- **ABOUT THIS EXERCISE**
Produce a verbatim copy of the lines from the one holding "Fuppy Husky Get Scared" through the last line of the listing, and nothing else.

--- INFORMATION SUPPLIED Enclosed Below ---

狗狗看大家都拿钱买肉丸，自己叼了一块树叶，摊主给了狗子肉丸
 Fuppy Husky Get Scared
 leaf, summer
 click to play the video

--- End of Enclosed INFORMATION SUPPLIED ---

- **YOUR RESPONSE**
 Fuppy Husky Get Scared
 leaf, summer
 click to play the video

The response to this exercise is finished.